Turfgrass revolution: measuring the expansion of the American lawn
Introduction
The ecology of urban growth has become a central concern for planners, bureaucrats, and geographers. The relationship of changes in urban form to increasing energy demands (Newman and Kenworthy, 1989; Anderson et al., 1996), problems of access and pollution (Newman and Kenworthy, 1996; Murray et al., 1998), and to declining green space (Tjallingii, 2000) are components of an emerging research program in urban ecology (Botkin and Beveridge, 1997).
Interest in such urban environmental concerns is itself accelerating, with recent research focusing on issues ranging from environmental justice (Cutter, 1995; Pulido, 1996), to urban garden and green space (Rocheleau, 1991; Bellows, 1996), and the prospect of sustainable cities (Capello and Nijkamp, 1998; Haughton, 1999). Little of this research, however, has taken a specifically Land Use/Cover Change (LUCC) approach to analyzing the processes that drive land cover transformations within a broader political ecology. LUCC approaches, previously used to good effect in non-urban environmental analysis, have been used to track the momentum behind deforestation and other global transformations (Turner and Meyer, 1991; Meyer and Turner, 1994). Directing the lens of LUCC onto cities might serve simultaneously to highlight ignored issues or problems in urban growth and better integrate the study of cities into larger scientific efforts that explore the human dimensions of global change (Turner et al. (1993), Turner et al. (1995)).

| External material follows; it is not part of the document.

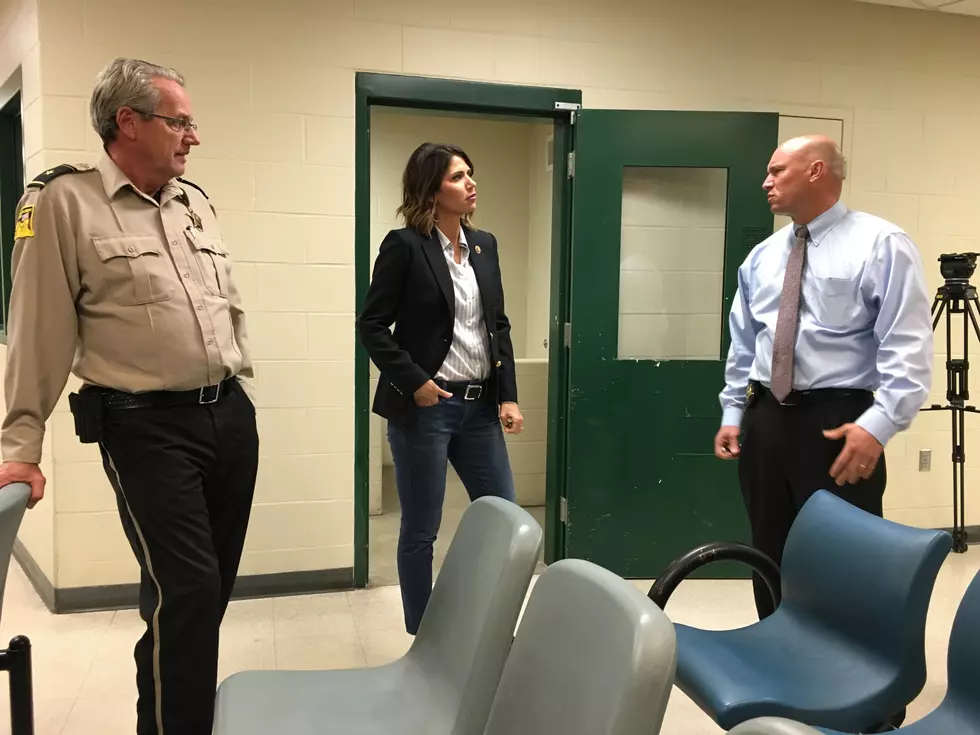 Sheriff Mike Milstead, Representative Kristi Noem Combining Forces in Drug Fight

Specifically, an otherwise unexamined component of urban growth that is increasingly apparent when considered from an LUCC perspective is the expansion of high-input, monocultural, lawn landscapes. Much of the land cover in newly subdivided suburban lots may, in fact, consist solely of turfgrass and as suburbs begin to displace other land covers in the fringe belts surrounding US and Canadian cities, there is a parallel growth in the coverage of lawns. These bring with them inputs of insecticides, herbicides, and fertilizer, as well as expanded use of lawn maintenance tools, largely dominated by polluting two- and four-stroke engine equipment. So too, it means changes in soil profile, stormwater runoff, water consumption, micro-fauna diversity, energy use, air quality, and opportunities and constraints for terrestrial wildlife and nesting birds. Thus, suburbanization is less a process where “cultural” artifacts like roads, houses, and sewage lines expand into “natural” pastoral spaces, but rather a process where one produced nature, that of high-input agriculture, is replaced by another, that of high-input lawns (Smith, 1996). To begin to imagine and model the effects of such change, the specific rate and character of land cover change must be measured. What proportion of urban growth is turfgrass? Where does turfgrass make up the largest proportion of growth? What factors explain variation in the proportion of turfgrass in urban land cover?

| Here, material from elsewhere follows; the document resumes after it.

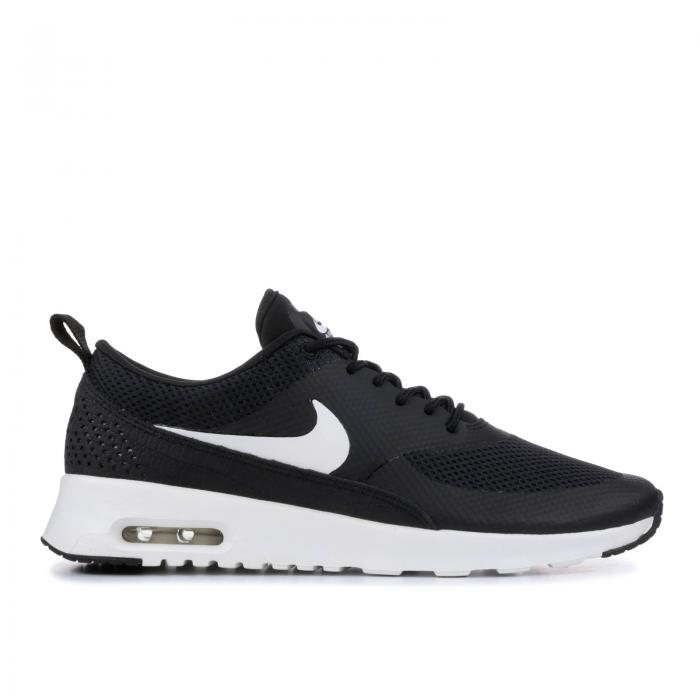 ナイキ Nike マックス 黒色 ブラック 白色 白色 エアマックス Black White スニーカー レディース Nike Wmns Thea Summit Black White Angliaacademy Com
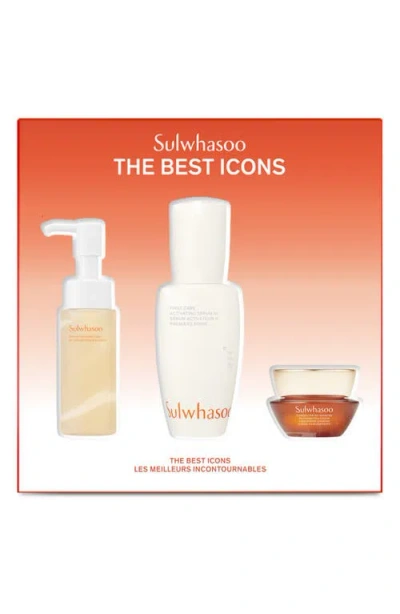 Sulwhasoo 3-pc. Best Icons Set In Multi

Answers to these questions are currently unavailable, however, since no coherent measurement or rigorous estimate of urban and suburban lawn coverage exists and no index of lawn cover increase has yet been created. Aggregated estimates of lawn coverage in the United States fall between 10 and 16 million ha, surpassing that of some US food crops including barley (5 million ha), cotton (4.5 million ha), and rice (1.1 million ha), though less than major US crops like corn and soybeans (Bormann et al., 1993). No detailed municipal level figures and trajectories yet exist, however.

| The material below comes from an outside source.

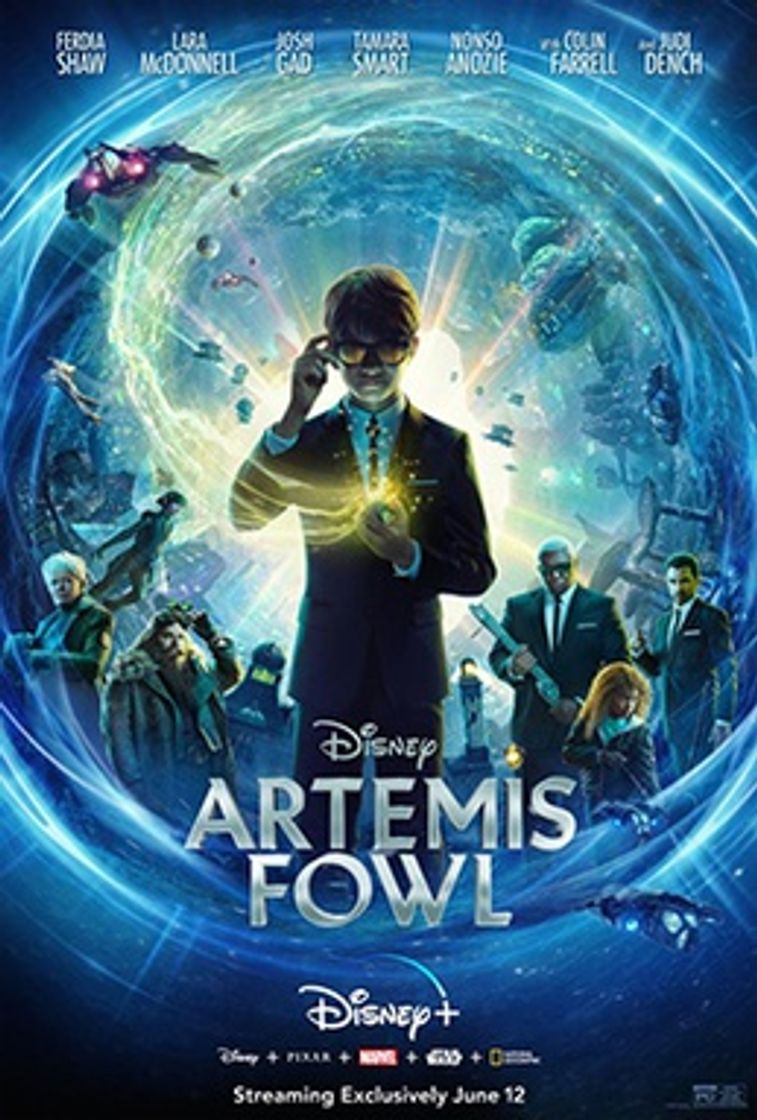 Película Artemis Fowl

The research described here seeks to redress this problem by providing a methodological protocol for measuring the coverage of lawns in US cities and estimating their rate of growth, focussing on a case study from the US municipality of Columbus Ohio and its surrounding growth zone in Franklin county. The paper is divided into four sections. The first section describes the lawn as an ecological problem, summarizing the associated hazards that accompany this newly dominant land cover, introducing the central research questions of measuring and explaining lawn cover. The methods used in the study, specifically including the use of tax assessors’ data, census data, survey information, and aerial photography, are summarized in section two, where a technique for calculating lawn area is described and executed. The following section explores a model for explaining the uneven distribution of lawn coverage over municipal areas pointing to the accelerating coverage of lawns and the increase in the ratio of non-house area on residential lots, especially in recently constructed affluent subdivisions. The implications of this coverage are then discussed in terms of both chemical input hazards and the broader policy implications of suburban ecology. By laying the groundwork for measurement of land cover transformation, this work opens the door to more extensive modeling efforts aimed at better understanding the ecology of urban growth.
Section snippets
Why measure the lawnscape?
Throughout the United States, urban and residential land uses are large and growing. In the State of Ohio, for example, land under cultivation fell by 599,000 ha between 1992 and 1997, while urban land use grew by 365,000 ha (Natural Resources Conservation Service, 2000). Growth in developed land cover in the state grew at 4.7 times the growth rate of population (Ohio Farmland Preservation Task Force, 1999). The specific ecology of that transformation remains poorly understood, however. Increased
Calculating lawn area
To answer the previous questions it is necessary to create a universal technique that can be applied in municipalities throughout North America. Here, we utilize tax assessors’ data, calibrated with aerial photography to generate spatially specific measures of lawn coverage and proportion. We then use the resulting data to model the significance of localized income and housing age in explaining variation in lawn cover and distribution.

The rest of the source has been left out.